Then Will the Designer texts me to tell me he’s in my area. He’s almost literally on my street, and he asks if he can drop by and “bring treats.”
Well, I’m not really in a fit state, but rarely do booty calls make things better. That being said, the only alternative is to turn him down and then go to bed. I’ve drunk too much gin, so I text him the address and just have time to shave my legs before he arrives.
True to his word, Will the Designer brings a bottle of prosecco, a bag of Kettle Chips, Maltesers and a carton of Ben and Jerrys. I’m too drunk to eat, and he’s certainly lost at least part of his night not only to drink but also (I suspect) some white powder or other. We appear to be pretty well matched.

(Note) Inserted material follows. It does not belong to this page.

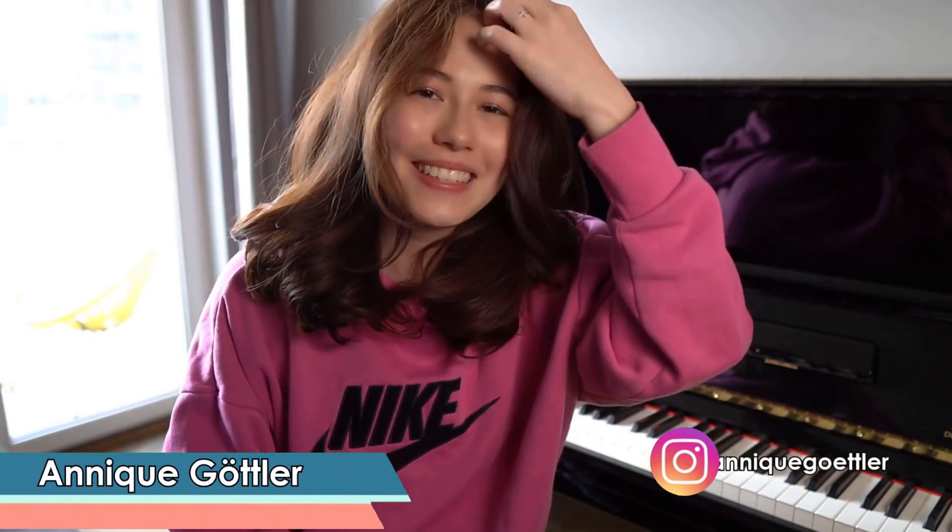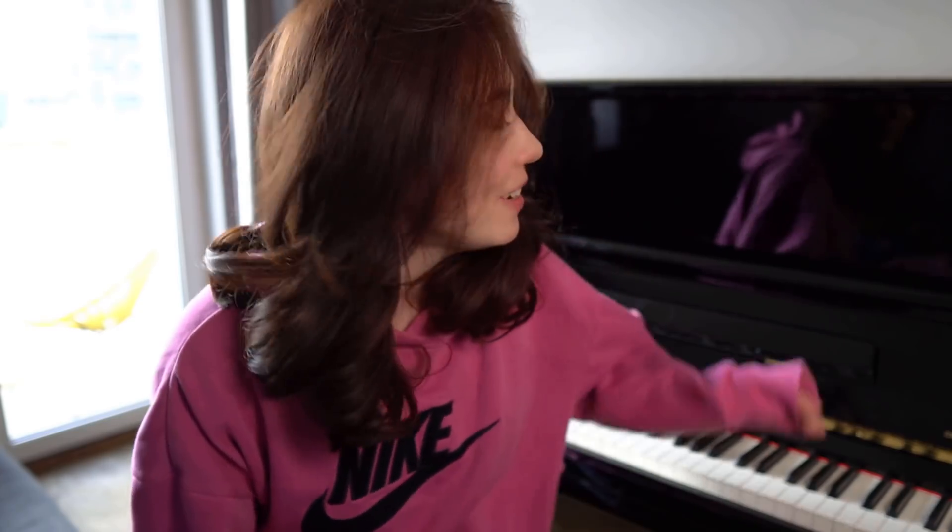What's up guys? Welcome back to my channel. I'm Annick, I'm a classical pianist, and I'm a little bit sick. Oh yeah, by the way, say hello to my new friend. I'm very, very happy that he's finally here.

It’s only the second time I’ve met Will the Designer. It’s pouring with rain outside, and his parka is soaked through to his tshirt, so I remove it and put it on the radiator. Wrapping him in a blanket instead, we pour the wine and begin to chat. Two spoons in the icecream, nestled on the sofa with the rain pouring outside, we begin to kiss. It’s not romance, it’s a combat. I love that.
We spar, both verbally and physically. He’s taller than me, but not above six feet, so we can wrestle and we’re quite well matched. I take off his tshirt, he’s not well built, but not unattractive. It get’s heated pretty quickly and he ends up taking off my jeans and pushing himself into me whilst I’m pressed up against the wall in the living room. Drunk, horny and tired, I lead him to bed, where we fumble with each other throughout the night.
While Will the Designer sleeps, he holds me close to him. I remember remarking,
You’re so cuddly!
I love that in a man. I hate when you’re in bed with someone but not touching.
The next morning, I shower, dress and get ready to meet a friend early in the morning. He gets ready to leave with me, but he’s been in my flat for so little time that his coat is still damp. He kisses me goodbye full on the lips outside my flat, and tells me he’ll see me soon.